A diretora da Fundação Alola sublinha que o Governo precisa de melhorar as infraestruturas e o sistema de saúde para garantir a sustentabilidade da nação no futuro. “Se o país continuar dependente de hospitais estrangeiros, os problemas de saúde não terão solução, o que afeta ainda mais a população que vive na miséria. Contudo, estamos confiantes de que o Executivo tem um plano de investimento delineado para o setor da saúde, sobretudo no aumento do orçamento para os cuidados de saúde, na melhoria das infraestruturas e na formação dos profissionais de saúde”.
Maria Guterres afirmou ainda que Timor-Leste dispõe atualmente de profissionais de saúde suficientes para responder à procura de tratamento da população, mas as infraestruturas de saúde não oferecem condições adequadas para apoiar o trabalho desses profissionais. Por isso, considera essencial alocar mais verbas para a melhoria das instalações, dado que, segundo a diretora, o setor da saúde é fundamental para o desenvolvimento de uma nação. “A saúde é a prioridade número um, seguida da economia e, em terceiro lugar, a educação. A saúde é um pilar essencial para que um Estado possa garantir qualidade de vida ao seu povo”.
A dívida acumulada pelo Governo timorense com hospitais estrangeiros tem sido uma barreira para os doentes que necessitam de tratamento no exterior. O Hospital Siloam Group, na Indonésia, já suspendeu a receção de pacientes de Timor-Leste devido a pagamentos em atraso.
O vice-primeiro-ministro de Timor-Leste, Mariano Assanami Sabino, falou sobre a situação das dívidas a hospitais estrangeiros no contexto da discussão da Conta Geral do Estado de 2023. Segundo explicou, o Governo já liquidou parte dos valores em dívida com unidades hospitalares na Malásia, Indonésia e Singapura, que recebem pacientes timorenses para tratamento.
Especificou que, no início do ano, foram pagos mais de 12 milhões de dólares a essas instituições. Relativamente à informação de que a dívida total ascenderia a 30 milhões de dólares, o governante esclareceu que, atualmente, esse montante não ultrapassa os 20 milhões de dólares.
Sublinhou ainda que o Executivo já liquidou quase metade da dívida inicial e que, neste momento, aguarda a conclusão das auditorias do Ministério da Saúde. Segundo explicou, essas auditorias são essenciais para verificar a validade dos recibos e das provas documentais antes de proceder a novos pagamentos.

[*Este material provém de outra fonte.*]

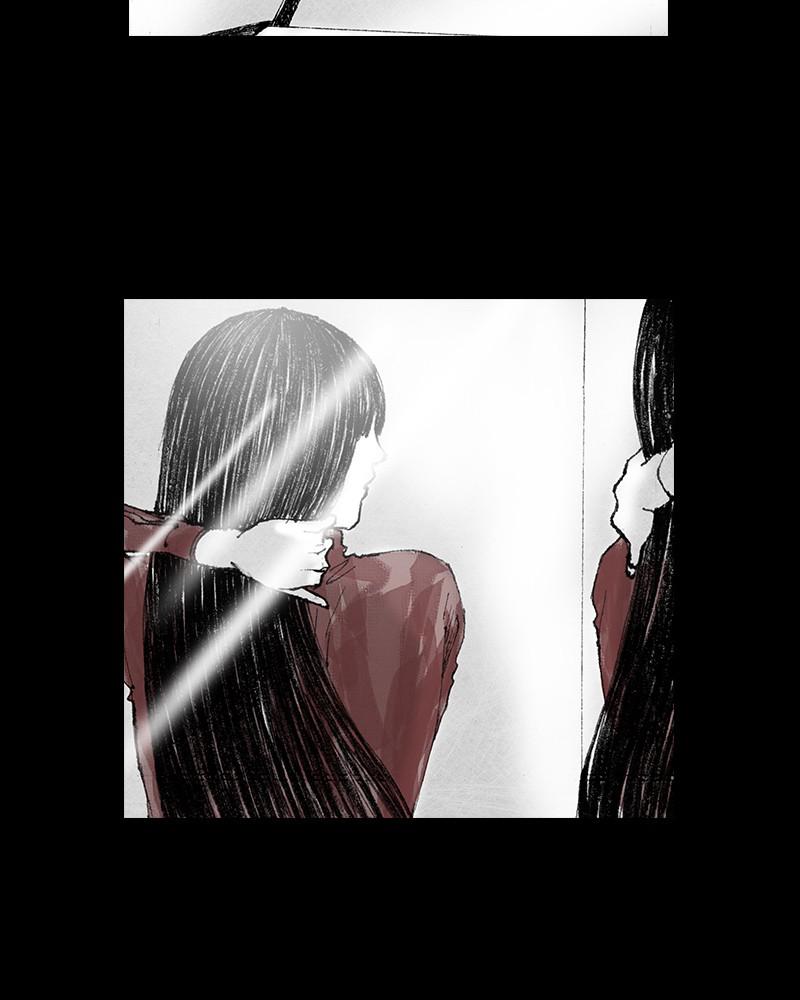 Read Distant Sky (en) Manga Online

O Diligente tentou contactar a Ministra da Saúde sobre a questão das dívidas a hospitais estrangeiros, mas não obteve resposta.

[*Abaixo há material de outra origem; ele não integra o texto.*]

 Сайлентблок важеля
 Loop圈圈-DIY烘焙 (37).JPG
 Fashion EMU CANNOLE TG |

O futuro da oncologia em Timor-Leste: entre esperança e incerteza
O Dr. Moisés Duarte de Ataíde reforça que, apesar dos esforços dos profissionais de saúde, é urgente que o governo garanta os recursos necessários para melhorar o atendimento. “O nosso papel é tratar os pacientes dentro das nossas possibilidades, mas o acesso à saúde é um direito de todos, e esse direito precisa de ser assegurado com qualidade”, defende.

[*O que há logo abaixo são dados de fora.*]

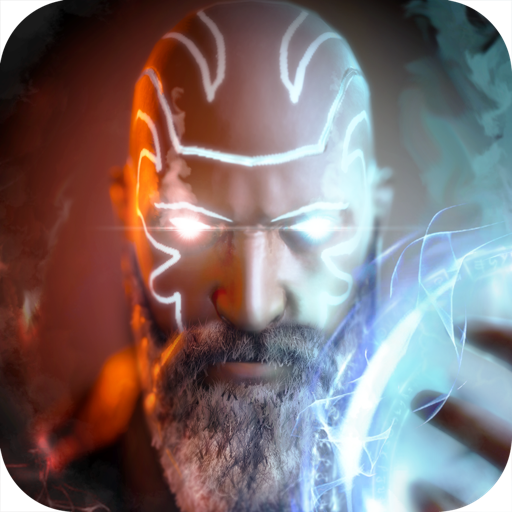 Game of Gods - Apps on Google Play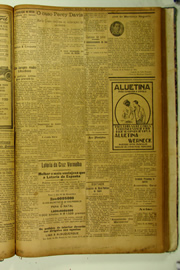 Hemeroteca - pagina O_Nordeste_1923_10_0093.jpg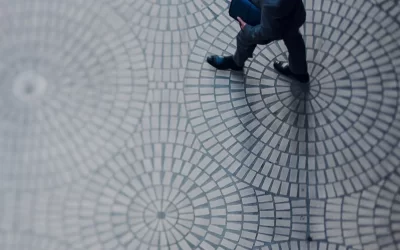 AI Generated – What is Loaded Language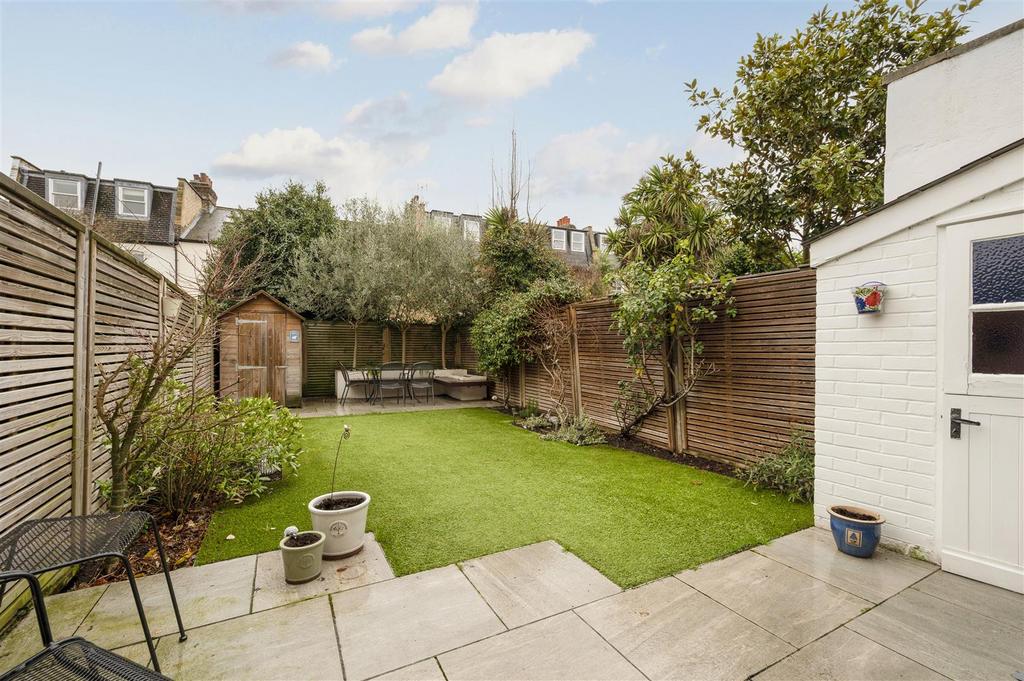 27 Pepys Road-21.jpg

Para que a Unidade de Oncologia do HNGV possa responder melhor às necessidades da população, o especialista destaca três áreas prioritárias: melhoria dos meios de diagnóstico, para garantir deteção precoce e aumentar as hipóteses de tratamento; formação especializada de profissionais, com envio de médicos para capacitação no estrangeiro e equipamentos modernos e infraestrutura adequada, essenciais para um tratamento eficaz.
“Estamos a avançar aos poucos, mas ainda há muito a fazer. Precisamos de adaptar a nossa estrutura às necessidades da população para, no futuro, podermos oferecer um serviço oncológico completo e eficaz”, conclui o médico.
Enquanto isso, pacientes e famílias continuam a enfrentar uma dura realidade: lutar contra o cancro num sistema de saúde que ainda não está preparado para essa batalha. O tempo para muitos é um inimigo silencioso — e sem investimentos urgentes, mais vidas continuarão a ser perdidas.